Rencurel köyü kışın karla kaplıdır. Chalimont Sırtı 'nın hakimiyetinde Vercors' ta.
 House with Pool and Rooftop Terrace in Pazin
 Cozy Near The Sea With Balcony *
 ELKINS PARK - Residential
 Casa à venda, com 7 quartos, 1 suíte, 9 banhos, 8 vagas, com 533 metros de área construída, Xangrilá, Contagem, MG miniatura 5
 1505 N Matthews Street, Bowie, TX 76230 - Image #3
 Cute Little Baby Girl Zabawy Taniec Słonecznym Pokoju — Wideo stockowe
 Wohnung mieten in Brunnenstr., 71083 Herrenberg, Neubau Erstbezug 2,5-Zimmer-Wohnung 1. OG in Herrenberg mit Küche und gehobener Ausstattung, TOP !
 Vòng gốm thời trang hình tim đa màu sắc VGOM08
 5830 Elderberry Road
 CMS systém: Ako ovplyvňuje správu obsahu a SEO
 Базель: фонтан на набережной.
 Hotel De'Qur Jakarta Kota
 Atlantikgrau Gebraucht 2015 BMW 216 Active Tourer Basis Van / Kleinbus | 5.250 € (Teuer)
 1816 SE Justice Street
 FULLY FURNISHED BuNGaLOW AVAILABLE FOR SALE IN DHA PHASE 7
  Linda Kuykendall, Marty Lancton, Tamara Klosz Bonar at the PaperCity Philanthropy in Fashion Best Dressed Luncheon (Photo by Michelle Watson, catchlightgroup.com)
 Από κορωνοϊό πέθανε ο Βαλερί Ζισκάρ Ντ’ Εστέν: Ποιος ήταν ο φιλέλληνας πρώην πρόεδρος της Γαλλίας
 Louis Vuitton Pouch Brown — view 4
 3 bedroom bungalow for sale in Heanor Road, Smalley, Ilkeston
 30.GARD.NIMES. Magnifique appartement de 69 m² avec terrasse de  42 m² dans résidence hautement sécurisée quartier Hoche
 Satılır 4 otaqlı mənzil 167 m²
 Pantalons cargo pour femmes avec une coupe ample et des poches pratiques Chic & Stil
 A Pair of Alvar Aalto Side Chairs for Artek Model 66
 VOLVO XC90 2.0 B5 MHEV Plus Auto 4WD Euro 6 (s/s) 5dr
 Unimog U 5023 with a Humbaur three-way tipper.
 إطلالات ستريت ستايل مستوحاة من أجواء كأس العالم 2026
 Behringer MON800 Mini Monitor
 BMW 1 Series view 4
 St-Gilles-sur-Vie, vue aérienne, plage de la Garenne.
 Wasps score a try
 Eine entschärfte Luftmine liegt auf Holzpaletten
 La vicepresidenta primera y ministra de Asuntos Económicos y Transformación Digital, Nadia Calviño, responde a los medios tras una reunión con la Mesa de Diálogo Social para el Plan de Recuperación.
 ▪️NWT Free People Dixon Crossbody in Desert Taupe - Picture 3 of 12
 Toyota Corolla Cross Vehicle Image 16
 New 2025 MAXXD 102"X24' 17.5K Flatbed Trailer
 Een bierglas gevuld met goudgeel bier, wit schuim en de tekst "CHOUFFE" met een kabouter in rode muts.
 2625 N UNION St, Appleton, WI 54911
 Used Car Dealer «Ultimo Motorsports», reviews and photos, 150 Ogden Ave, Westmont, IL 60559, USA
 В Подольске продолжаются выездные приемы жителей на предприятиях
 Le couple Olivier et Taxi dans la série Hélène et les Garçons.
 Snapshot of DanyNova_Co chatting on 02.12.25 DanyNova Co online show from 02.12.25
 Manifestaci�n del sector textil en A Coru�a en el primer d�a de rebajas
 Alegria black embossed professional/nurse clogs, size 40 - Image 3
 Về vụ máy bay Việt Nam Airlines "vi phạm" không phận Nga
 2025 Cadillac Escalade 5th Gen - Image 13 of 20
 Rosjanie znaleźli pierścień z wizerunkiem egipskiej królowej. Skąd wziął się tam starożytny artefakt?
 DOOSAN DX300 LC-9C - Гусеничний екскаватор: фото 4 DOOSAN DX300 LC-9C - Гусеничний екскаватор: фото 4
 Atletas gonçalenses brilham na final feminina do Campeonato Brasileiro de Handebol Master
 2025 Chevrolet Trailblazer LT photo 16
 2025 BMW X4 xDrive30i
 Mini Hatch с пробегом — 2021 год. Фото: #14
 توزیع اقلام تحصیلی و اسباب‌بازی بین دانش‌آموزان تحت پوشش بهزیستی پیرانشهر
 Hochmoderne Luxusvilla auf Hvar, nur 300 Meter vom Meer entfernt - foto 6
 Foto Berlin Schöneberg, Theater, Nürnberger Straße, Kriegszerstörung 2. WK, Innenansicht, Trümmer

==============================

What belongs in the answer is the line with "2025 Chevrolet Trailblazer LT photo 16" plus every later line of the listing, copied word for word and nothing besides.

 2025 Chevrolet Trailblazer LT photo 16
 2025 BMW X4 xDrive30i
 Mini Hatch с пробегом — 2021 год. Фото: #14
 توزیع اقلام تحصیلی و اسباب‌بازی بین دانش‌آموزان تحت پوشش بهزیستی پیرانشهر
 Hochmoderne Luxusvilla auf Hvar, nur 300 Meter vom Meer entfernt - foto 6
 Foto Berlin Schöneberg, Theater, Nürnberger Straße, Kriegszerstörung 2. WK, Innenansicht, Trümmer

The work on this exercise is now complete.